From the top of the entries below through the line containing "Elegante klassische Wasserfarben", return every line exactly as written, please, and stop there.

(Data records)
---+---
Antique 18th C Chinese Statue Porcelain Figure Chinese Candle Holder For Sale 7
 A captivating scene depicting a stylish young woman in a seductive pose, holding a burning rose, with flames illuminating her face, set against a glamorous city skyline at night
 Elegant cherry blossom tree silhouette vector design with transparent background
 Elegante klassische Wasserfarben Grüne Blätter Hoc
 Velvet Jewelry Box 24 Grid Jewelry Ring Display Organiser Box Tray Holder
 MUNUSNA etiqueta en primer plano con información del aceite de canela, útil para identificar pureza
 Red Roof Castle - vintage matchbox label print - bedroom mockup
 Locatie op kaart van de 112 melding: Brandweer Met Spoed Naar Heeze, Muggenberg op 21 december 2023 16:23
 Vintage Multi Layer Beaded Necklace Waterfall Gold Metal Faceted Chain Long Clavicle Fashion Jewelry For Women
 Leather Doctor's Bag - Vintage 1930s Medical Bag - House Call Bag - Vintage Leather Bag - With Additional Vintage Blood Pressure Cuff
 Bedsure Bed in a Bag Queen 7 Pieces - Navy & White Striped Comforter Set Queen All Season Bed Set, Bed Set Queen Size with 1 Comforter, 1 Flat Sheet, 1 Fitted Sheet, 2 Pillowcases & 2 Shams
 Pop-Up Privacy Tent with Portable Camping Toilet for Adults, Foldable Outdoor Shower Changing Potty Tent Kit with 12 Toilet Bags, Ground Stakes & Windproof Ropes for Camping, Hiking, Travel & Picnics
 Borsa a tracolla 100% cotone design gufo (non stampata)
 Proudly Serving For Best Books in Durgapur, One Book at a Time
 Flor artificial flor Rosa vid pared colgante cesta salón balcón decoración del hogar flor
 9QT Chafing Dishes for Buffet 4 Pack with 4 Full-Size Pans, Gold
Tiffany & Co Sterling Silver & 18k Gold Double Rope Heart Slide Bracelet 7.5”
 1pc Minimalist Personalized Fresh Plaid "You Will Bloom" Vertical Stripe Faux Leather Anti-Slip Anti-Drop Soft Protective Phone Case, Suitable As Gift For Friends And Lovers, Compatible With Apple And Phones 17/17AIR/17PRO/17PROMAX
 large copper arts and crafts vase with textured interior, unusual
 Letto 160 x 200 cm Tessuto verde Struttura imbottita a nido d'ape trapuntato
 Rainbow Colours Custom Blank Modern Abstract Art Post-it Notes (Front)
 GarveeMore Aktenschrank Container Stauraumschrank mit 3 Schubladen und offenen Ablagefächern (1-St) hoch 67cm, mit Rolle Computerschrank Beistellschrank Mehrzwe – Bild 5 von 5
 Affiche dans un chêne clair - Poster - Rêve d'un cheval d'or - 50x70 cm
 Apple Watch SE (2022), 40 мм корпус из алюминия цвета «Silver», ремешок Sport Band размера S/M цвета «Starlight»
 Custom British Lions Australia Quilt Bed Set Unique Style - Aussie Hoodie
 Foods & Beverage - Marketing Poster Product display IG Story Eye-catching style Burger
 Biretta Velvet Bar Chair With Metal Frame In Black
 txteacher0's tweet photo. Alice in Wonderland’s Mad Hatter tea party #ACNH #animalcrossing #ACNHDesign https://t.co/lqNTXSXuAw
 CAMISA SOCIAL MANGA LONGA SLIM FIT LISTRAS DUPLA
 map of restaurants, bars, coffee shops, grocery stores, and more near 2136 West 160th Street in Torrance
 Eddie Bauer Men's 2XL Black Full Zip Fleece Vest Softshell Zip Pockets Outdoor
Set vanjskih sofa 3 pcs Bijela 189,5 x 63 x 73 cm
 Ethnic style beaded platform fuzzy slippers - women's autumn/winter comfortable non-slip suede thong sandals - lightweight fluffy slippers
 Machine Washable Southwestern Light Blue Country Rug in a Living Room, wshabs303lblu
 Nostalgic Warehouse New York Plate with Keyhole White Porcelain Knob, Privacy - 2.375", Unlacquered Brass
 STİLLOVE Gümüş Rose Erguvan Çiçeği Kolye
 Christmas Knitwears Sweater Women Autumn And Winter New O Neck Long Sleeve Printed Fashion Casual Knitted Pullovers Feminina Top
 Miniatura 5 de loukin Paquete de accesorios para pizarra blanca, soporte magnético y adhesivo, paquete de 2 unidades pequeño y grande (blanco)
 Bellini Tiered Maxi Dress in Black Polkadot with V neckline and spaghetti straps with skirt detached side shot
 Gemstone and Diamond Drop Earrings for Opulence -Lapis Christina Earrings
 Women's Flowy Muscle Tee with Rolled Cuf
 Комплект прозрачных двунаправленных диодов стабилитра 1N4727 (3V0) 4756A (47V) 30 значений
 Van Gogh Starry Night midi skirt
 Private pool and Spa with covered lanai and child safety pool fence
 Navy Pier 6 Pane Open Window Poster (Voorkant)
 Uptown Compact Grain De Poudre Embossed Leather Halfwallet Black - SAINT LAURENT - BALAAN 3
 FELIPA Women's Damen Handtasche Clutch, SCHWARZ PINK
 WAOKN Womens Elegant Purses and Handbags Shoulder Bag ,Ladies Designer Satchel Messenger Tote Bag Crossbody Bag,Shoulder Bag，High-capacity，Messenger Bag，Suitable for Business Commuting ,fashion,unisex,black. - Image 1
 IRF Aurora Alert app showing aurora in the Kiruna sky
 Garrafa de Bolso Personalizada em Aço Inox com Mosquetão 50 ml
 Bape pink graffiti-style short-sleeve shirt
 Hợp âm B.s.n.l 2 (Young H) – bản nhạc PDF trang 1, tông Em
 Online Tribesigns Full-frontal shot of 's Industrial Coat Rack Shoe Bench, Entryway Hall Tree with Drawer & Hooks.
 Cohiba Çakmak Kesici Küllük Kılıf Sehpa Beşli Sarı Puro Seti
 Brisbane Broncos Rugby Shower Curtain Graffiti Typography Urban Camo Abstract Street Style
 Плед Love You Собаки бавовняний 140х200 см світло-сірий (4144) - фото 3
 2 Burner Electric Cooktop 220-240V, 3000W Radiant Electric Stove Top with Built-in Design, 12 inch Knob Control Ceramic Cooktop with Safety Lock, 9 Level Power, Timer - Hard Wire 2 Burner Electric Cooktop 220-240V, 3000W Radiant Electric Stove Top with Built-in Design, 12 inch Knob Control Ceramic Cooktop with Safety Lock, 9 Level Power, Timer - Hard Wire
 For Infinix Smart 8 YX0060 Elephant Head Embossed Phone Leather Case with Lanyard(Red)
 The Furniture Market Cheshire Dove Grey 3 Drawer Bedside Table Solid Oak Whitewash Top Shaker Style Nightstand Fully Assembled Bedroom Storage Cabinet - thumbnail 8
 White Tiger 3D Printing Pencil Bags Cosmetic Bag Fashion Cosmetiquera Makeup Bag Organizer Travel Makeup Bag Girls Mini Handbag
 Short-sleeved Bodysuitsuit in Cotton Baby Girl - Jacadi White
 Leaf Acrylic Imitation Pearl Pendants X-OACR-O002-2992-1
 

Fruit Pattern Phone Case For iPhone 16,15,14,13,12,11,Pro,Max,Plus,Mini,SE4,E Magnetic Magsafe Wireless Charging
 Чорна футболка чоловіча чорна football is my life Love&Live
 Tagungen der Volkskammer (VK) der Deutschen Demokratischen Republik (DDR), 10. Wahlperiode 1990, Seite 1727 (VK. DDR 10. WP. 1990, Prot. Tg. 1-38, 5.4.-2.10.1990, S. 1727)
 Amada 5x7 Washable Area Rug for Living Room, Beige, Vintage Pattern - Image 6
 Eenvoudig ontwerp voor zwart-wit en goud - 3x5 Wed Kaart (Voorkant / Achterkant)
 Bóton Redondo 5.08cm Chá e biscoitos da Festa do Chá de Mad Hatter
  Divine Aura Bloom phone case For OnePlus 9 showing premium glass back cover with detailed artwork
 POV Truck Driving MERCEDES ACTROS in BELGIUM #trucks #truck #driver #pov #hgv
---+---
## WRITTEN SOLUTION
Antique 18th C Chinese Statue Porcelain Figure Chinese Candle Holder For Sale 7
 A captivating scene depicting a stylish young woman in a seductive pose, holding a burning rose, with flames illuminating her face, set against a glamorous city skyline at night
 Elegant cherry blossom tree silhouette vector design with transparent background
 Elegante klassische Wasserfarben Grüne Blätter Hoc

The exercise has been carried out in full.